* TRY IT: Please reproduce the data exactly and omit the pictures.

* DATASET SECTION:
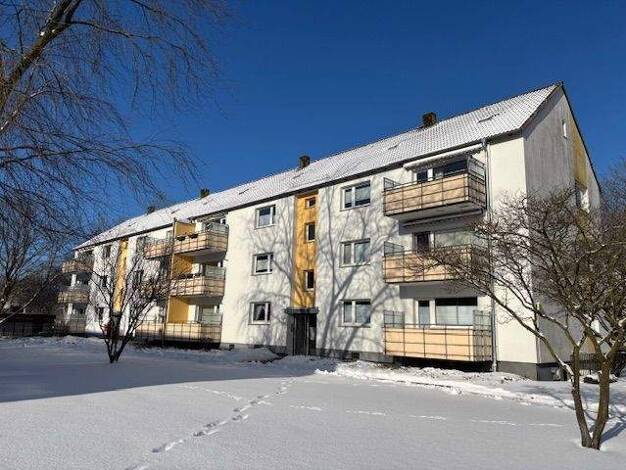 Wohnung zur Miete 700 € 3,5 Zimmer 82 m² frei ab 01.05.2026 Marrensdamm 26 Mürwik Flensburg / Mürwik 24944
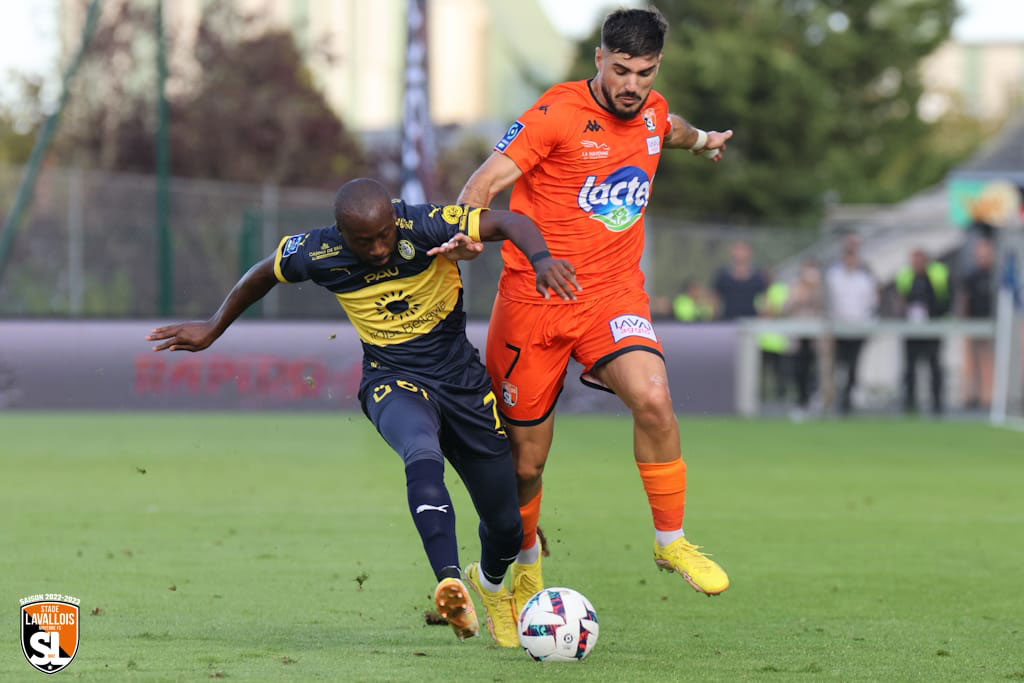 Quang Hải tiếp tục không vào sân, Pau FC thắng trận đầu tiên ở Ligue 2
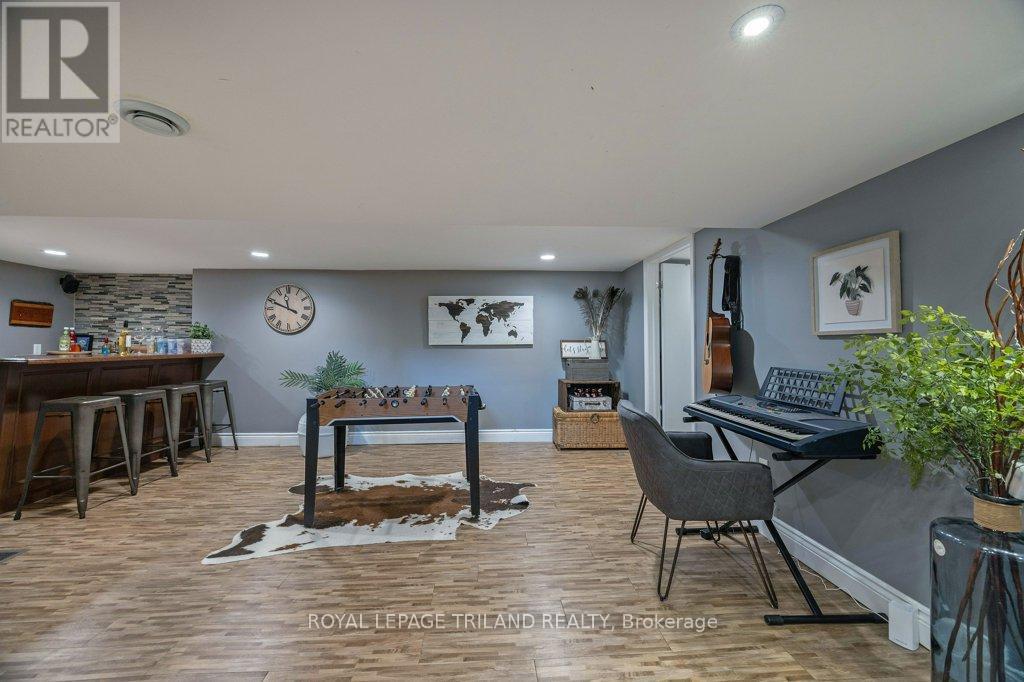 445 RIDOUT STREET S, London South (South G), Ontario, N6C4A3 — Photo 28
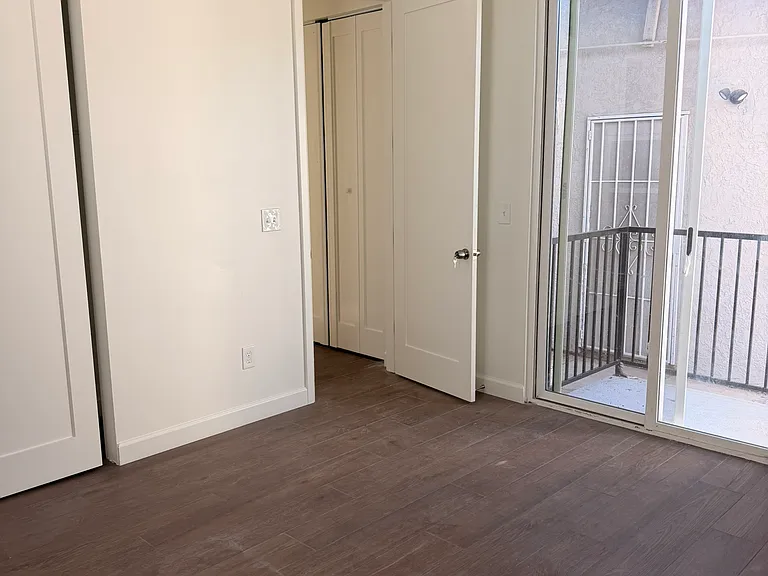 5263 Pirotte Dr — Photo 13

* EXERCISE SOLUTION:
 Wohnung zur Miete 700 € 3,5 Zimmer 82 m² frei ab 01.05.2026 Marrensdamm 26 Mürwik Flensburg / Mürwik 24944
 Quang Hải tiếp tục không vào sân, Pau FC thắng trận đầu tiên ở Ligue 2
 445 RIDOUT STREET S, London South (South G), Ontario, N6C4A3 — Photo 28
 5263 Pirotte Dr — Photo 13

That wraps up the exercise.